The Supreme Court voted to hear Wal-Mart v. Dukes, granting Wal-Mart’s petition for certiorari. The Supreme Court will decide whether a class-action rule designed to allow people to bring claims for injunctive relief based on a uniform policy by a defendant can be twisted into a weapon for demanding billions of dollars in damages over conduct at thousands of different Wal-Mart stores by thousands of different managers.
The Wall Street Journal earlier criticized the 6-to-5 ruling by the Ninth Circuit that the Supreme Court is reviewing. That controversial ruling, Dukes v. Wal-Mart, available here, allowed just six employees to bring a multibillion dollar class action lawsuit against Wal-Mart in the name of 1.5 million other Wal-Mart employees they had little in common with.

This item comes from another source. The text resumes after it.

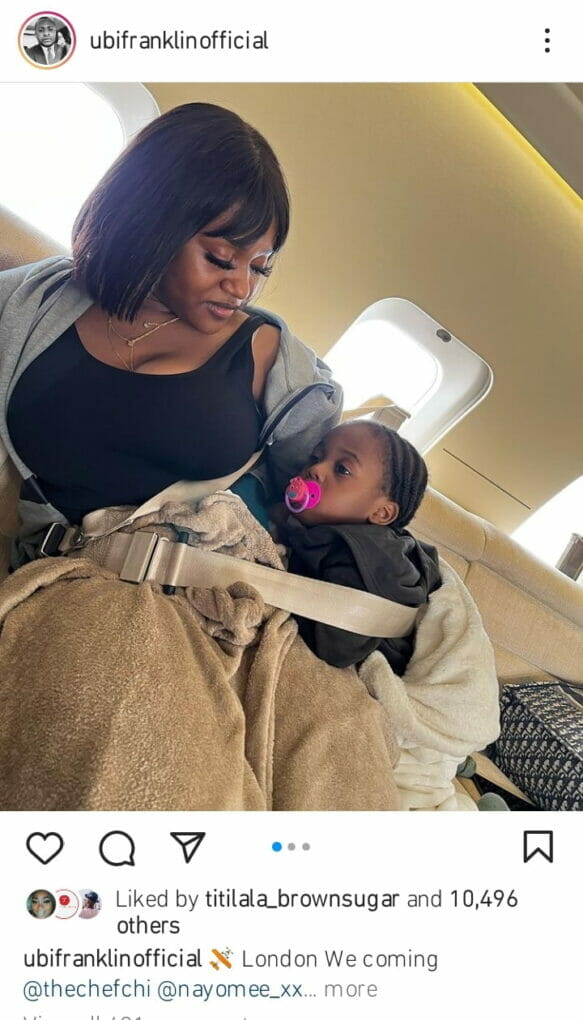 Davido sends private jet for Chioma and Ifeanyi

As the dissenting opinion written by Judge Sandra Ikuta noted, the lawsuit was based on junk science that violated the Supreme Court’s Daubert decision, and let a few employees whose situation was anything but typical sue in the name of countless employees they shared nothing with but gender. The plaintiffs’ lawyers originally sought $450 billion.
The Ninth Circuit’s disingenuous ruling rubber-stamped a national class-action even though Wal-Mart’s hiring and promotions are decentralized and not done on a company-wide basis, and Federal Rule of Civil Procedure 23 says that national class-actions are supposed to challenge a company-wide practice. The Ninth Circuit essentially treated the absence of a company policy (one limiting managers’ individual discretion) as itself being a company policy, twisting the language of the rule inside out. Its ruling against Wal-Mart flouted longstanding legal rules and principles.
Although the lawsuit will affect employees across the country (and the ultimate verdict may reduce the value of your retirement plan, since the mutual funds in your 401(k) probably own Wal-Mart stock), a verdict will be rendered by a left-leaning jury drawn from the San Francisco Bay Area, since the plaintiffs sued Wal-Mart in one of the most anti-employer judicial districts in America, the Northern District of California.
The Ninth Circuit judges were split largely along ideological lines, with only hard-core liberal judges in the majority, and a dissent joined in by all the moderate and conservative judges (as well as one Democratic appointee, Judge Silverman).